Pastor Peoples thicks up his face. He will stand for me living in his town and sitting in this barbershop but that's about it.

“Willa Mae weren't constant in no kind of way,” North says quietly.

“Except for being constantly wild,” Little adds.

“If Willa Mae was my woman—” Spider starts to say, but Joe North looks at him and he shuts up.

We go quiet. Just the sounds of the scissors going around our heads.

Willa Mae went and visited Blackwell County where most of the Beede family stays at. There was wall-to-wall Beedes down there, she said. Not like up here where mentioning Beede will quickly turn into a conversation about Teddy or Willa Mae or Billy. There just ain't more Beedes to mention so the conversation don't got but so many places to go. And if the talk turns to Willa Mae and men are present then, if theys like Little or Peoples or North and actually heard Willa tell my business, or if they was like Spider, too young to be in on such things yet, they all know what was said. They all remember or remember being told how Willa Mae went and bellowed through the streets that I weren't no man. Probably because Dill Smiles didn't make enough money quick enough. Probably because Willa Mae was good-looking and hard to satisfy and Dill Smiles raised pigs.
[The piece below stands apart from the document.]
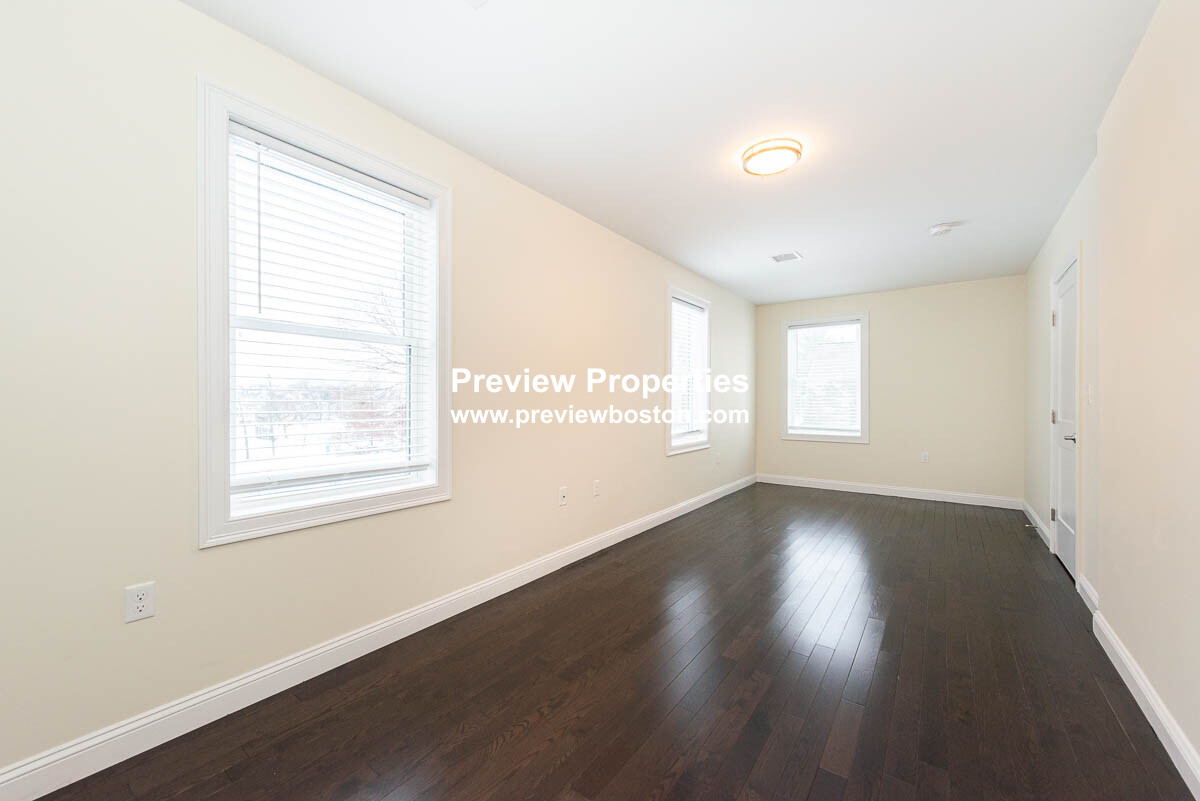 6 bed, 4+ bath apartment for rent at 5 Malvern Ter Unit P, South Medford — photo 24 of 40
At first, it just came down to a woman's word against a man's word. Her word against mine. All the men in the world have been called non-men at some time or another by their woman. But, as time went on, I did get the looks and there were whispers. When I'd come into Little's for a haircut, men would notice that I never asked for a shave. They noticed I never went whoring with them and, even in the summer heat, I keep on my shirt. Over the years they all put two and two together. But it remains unspoken. North and me hunt together. I am the better shot. When two of Little's heifers got the hoof rot, it was me who cured them from it. For most of the people in Lincoln, the way I carry myself and the work I do and the clothes I got and the money I earn keeps their respect. I don't ask more from them than that.

“You Billy Beede's father figure,” Joe North says to me. “You oughta go visit Snopes.”
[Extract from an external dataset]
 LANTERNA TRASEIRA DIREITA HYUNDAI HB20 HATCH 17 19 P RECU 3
“Snipes,” Little Walter says.

“Billy Beede ain't my child,” I says, putting my face into a mask of frustration and regret, but behind the regrets I'm smiling, glad North is suggesting that I could father anything.
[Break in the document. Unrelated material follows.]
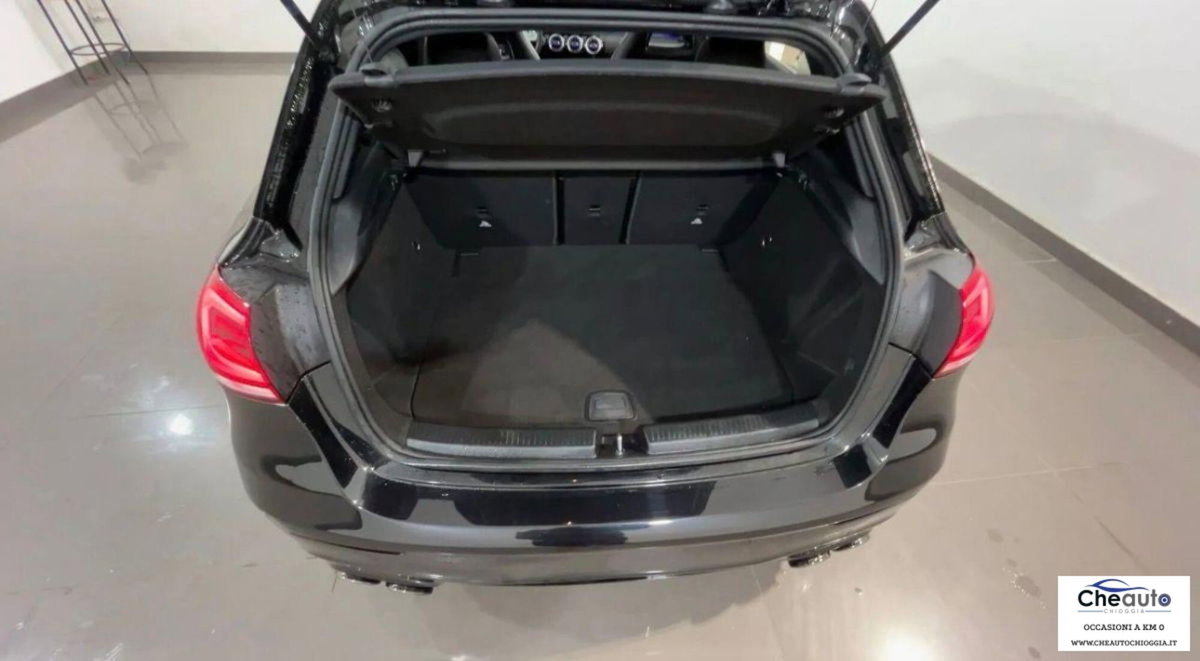 Mercedes-Benz Classe A 45 AMG 4Matic Automatic (11)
Across the street, Billy cups both hands to the beauty shop window.

“If I go to Snoops with my gun I'll shoot him,” I says.

“We'd visit you in the jail,” Spider says.

Joe North starts laughing. Cause if North went anywheres near the jail they'd put him in it. “Speak for yrself, Spider, I ain't visiting shit,” he says.

“If I go shoot at Snipes, I'll kill him dead,” I says. “He'll be shaking hands with the devil.”

“Dill Smiles, you's a violent hell of a bitch,” North laughs and Walter Little holds the razor away from the Pastor's neck so we can all laugh good and hard and the Pastor won't get his throat slit.

WILLA MAE BEEDE

Hey everybody, wontcha gather round

Roll up yr sidewalks

Lay yr red carpet down

Cause I'm here.

This gal is here.

This town, it's all mine,

I'm the gal with the shine, and I'm here.

Lie to yr woman, leave yr best girl

I'm dripping with diamonds, I'm studded with pearls

And I'm here.

This gal is here.

Get up, rise and shine, if yr ready now's the time

Look who's here.

If it's dry, it'll rain, if it's flooding, it'll stop.

We'll light up the dark, we'll drink till we drop.

The mountains'll move, we'll paint this town red,

And, if I'm feeling like it, I might even wake the dead

Cause I'm here.

This gal is here.

This town, it's all mine

Willa Mae's right on time

Yeah, I'm here.

MRS. RUTHIE MONTGOMERY

My hands are shaking pretty bad today. I hold on to the chair-back and they quiet down but when I raise them up over Miz Addie's head, they start shaking again.

“Yr doing fine,” Addie says, seeing my shaking in the mirror.

“I got it pretty bad today,” I says.

“Must be Jimmy's day or Spencer's,” Addie says.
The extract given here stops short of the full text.